How far could the US dollar go in 2025?
The US dollar has continued its strong start to 2025, and many analysts doubt that this is likely to end at all soon.
The US dollar has continued to forge ahead, and many analysts doubt that this is likely to end soon even if data on speculative positioning by traders suggests that the market is very bullish and hence ripe for at least a temporary correction. The key is the prospect of US tariffs. They tend to believe that currencies will move the most when asymmetric disturbances occur.
The last of these was the war in Ukraine, as this lifted European energy prices drastically compared to those in the US. The resultant terms of trade deterioration in Europe pulled these currencies down significantly. Other asymmetries include the divergence in monetary policy between Japan and the rest of the world in recent years, which has put the yen under pressure. As we look ahead, the key asymmetry that seems likely to arise comes from the imposition of US tariffs.
Now, of course, it is possible, even probable, that target countries will respond with tariffs of their own and so eliminate the asymmetry. But this is not certain, and even if they do, Steven Barrow, Head of Standard Bank G10 Strategy suspected that US tariffs would prove the most onerous. A complementary factor here is that the relative robustness of the US economy suggests that tariffs are more likely to induce a relative tightening of Fed policy compared to any other tariffed countries. This too could aid the US dollar.

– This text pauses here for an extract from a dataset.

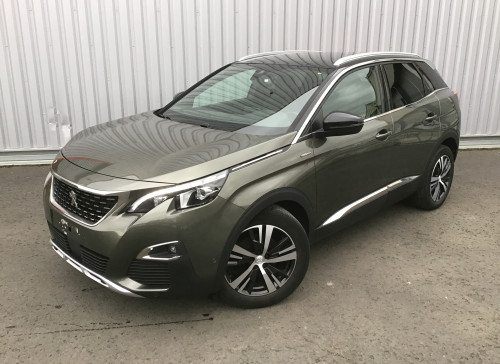 Peugeot 3008 Puretech 130ch S&S BVM6 GT Line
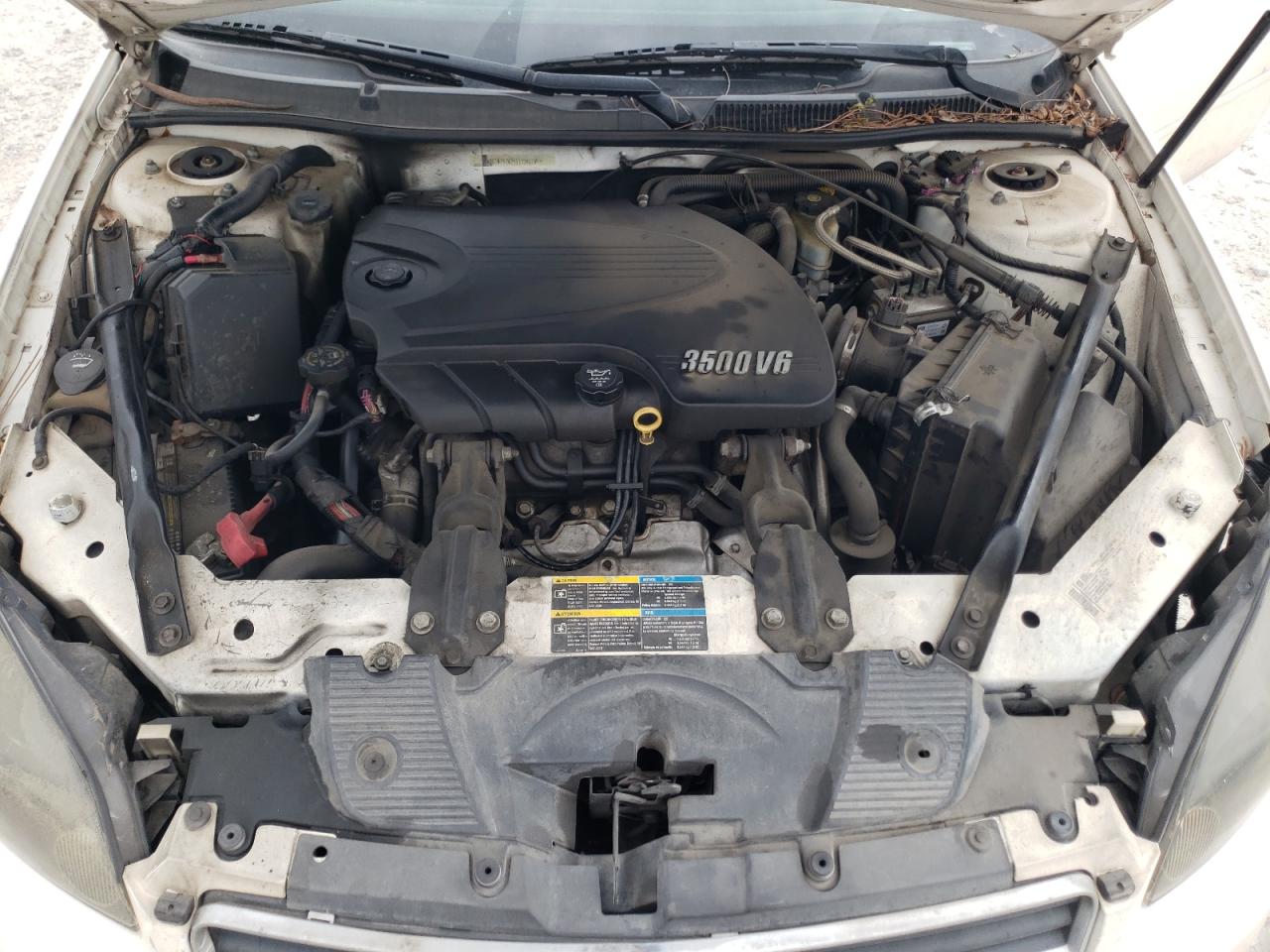 Photo 7 from auction – 2009 CHEVROLET IMPALA 1LT with VIN 2G1WT57N791173461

Indeed, we have already seen the Fed suggest that such action is possible. Right now, we are in a period where president-elect Trump is making tariff threats. These could come at any time and, as long as this risk exits, it seems unwise to short the dollar even if bullish-dollar positioning seems stretched. We find it particularly notable that Trump has not focused his gaze on China yet.
To date, tariff threats have been made against Canada and Mexico because Trump wants these countries to tighten up border security, and the EU, where Trump wants the region to buy more US oil. But China was always the pre-election focus for tariffs, as the 60% figure quoted was clearly much higher than anything mentioned for other countries. It is surely only a matter of time before Trump reignites these tariff threats against China, and at that point, Steven Barrow might expect the US dollar to surge again, if only against the renminbi. So how far could the US dollar go?
“We still feel that 8.0 against the Renminbi is very achievable. That’s based in part on how the renminbi weakened against the dollar when far-less punitive US tariffs were introduced in 2018. For the euro, a slide to and through parity would seem to beckon. We target 0.95 over the next few months, particularly if Trump’s tariff bite turns out to be as bad, or worse, than his pre-election bark”, said Steven Barrow.
As for sterling, the Standard Bank adjusted its forecasts for sterling/US dollar down at the end of last year, pushing its three-month forecast down from 1.22 to 1.16 at a time when sterling was in the mid-1.20s. That might have seemed an aggressive call at the time to predict a decline of 10 cents in the pound over a three month period but, given how the pound has traded in the past week it looks a bit more reasonable. Importantly, this slide has not just been a function of dollar strength but also sterling weakness.
In Steven Barrow’s view that’s not because anything has gone particularly wrong in the UK but, instead, down to the fact that the rise in treasury yields – and concomitant rise in gilt yields – exposes both the tightness of budget calculations in the UK and the dependence of the UK on foreign inflows into the gilt market (overseas investors hold around 30% of the gilt market). Of course, that’s similar to the foreign holdings of treasuries but what we are seeing here is that, while the US and UK are vulnerable to foreign capital flight given their twin deficits, the UK suffers disproportionately.
In short, the UK suffers for the US’s budgetary foibles, and hence a part of the pound’s weakness is really out of the UK government’s control. That part that it can control, or at least influence—the budget—is coming under increased scrutiny, and there is undoubtedly the risk that a vicious circle develops here in which the government is forced into more budgetary consolidation to appease investors that merely serves to undermine growth and ultimately weighs on foreign confidence even more. However, it is not a trap that Steven Barrow thinks will ensnare the pound, and he does see a recovery to 1.30-plus over the next year, or so.